Leave out the pictures, and retype the remaining data exactly.

━━━━━ DATA EXCERPT ━━━━━

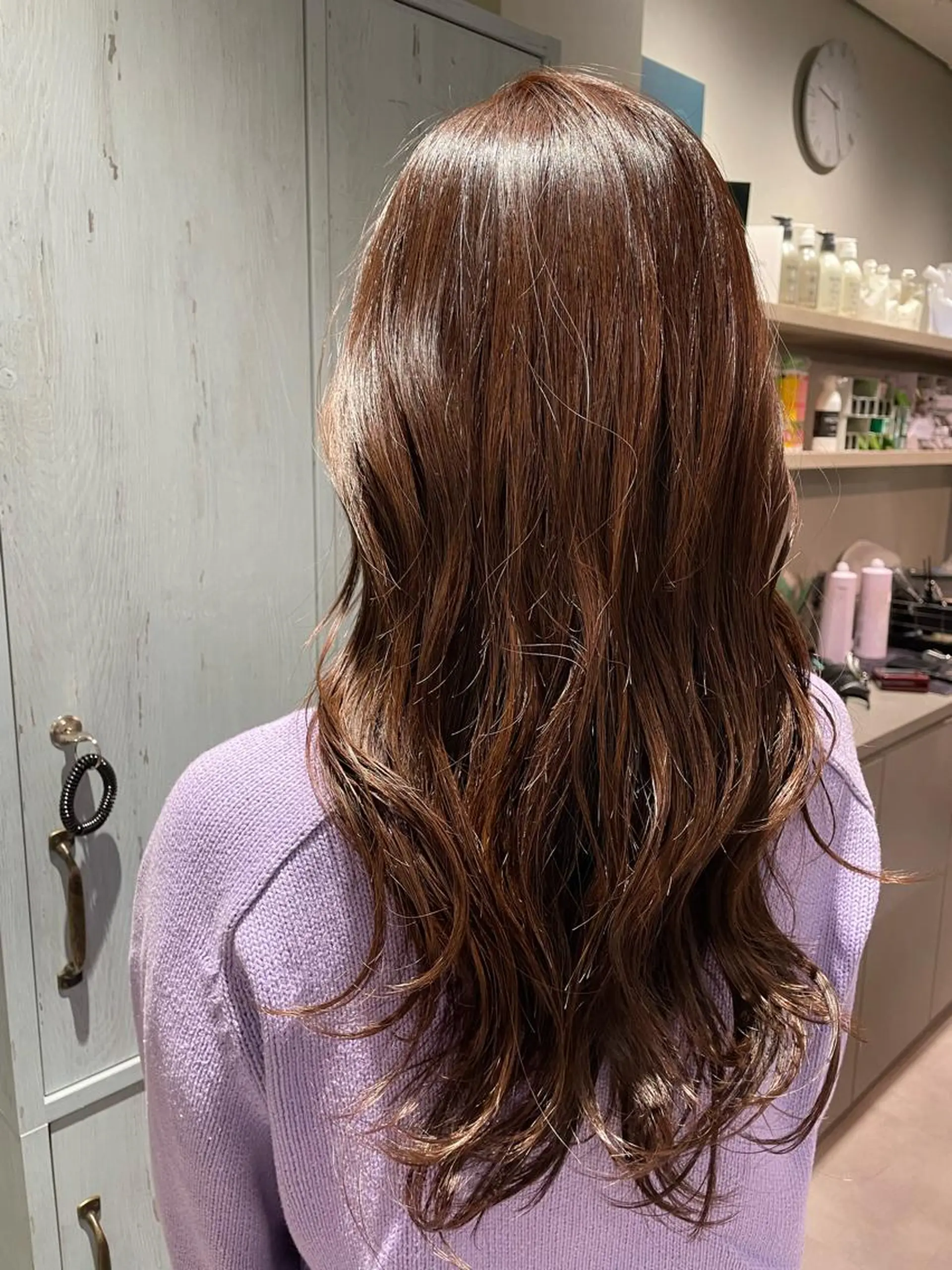 ロング アッシュ 韓国風カラー ボブ 髪質改善 韓国風ヘア カット トリートメント 韓国風/オシャレ /縮毛矯正/滝口琴未のヘアスタイル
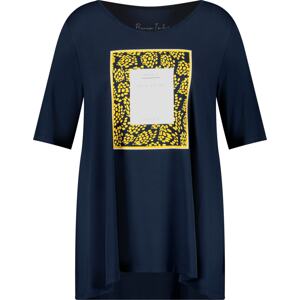 SAMOON Tričko námořnická modř / žlutá / offwhite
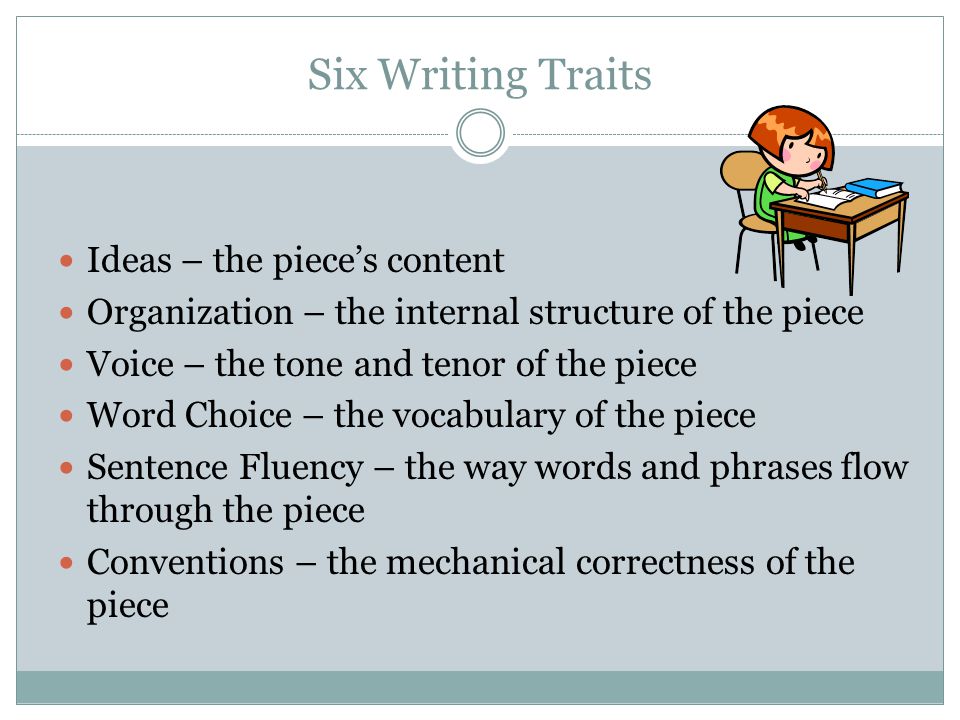 Six Writing Traits Ideas – the piece’s content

━━━━━

# [ANSWER]
 ロング アッシュ 韓国風カラー ボブ 髪質改善 韓国風ヘア カット トリートメント 韓国風/オシャレ /縮毛矯正/滝口琴未のヘアスタイル
 SAMOON Tričko námořnická modř / žlutá / offwhite
 Six Writing Traits Ideas – the piece’s content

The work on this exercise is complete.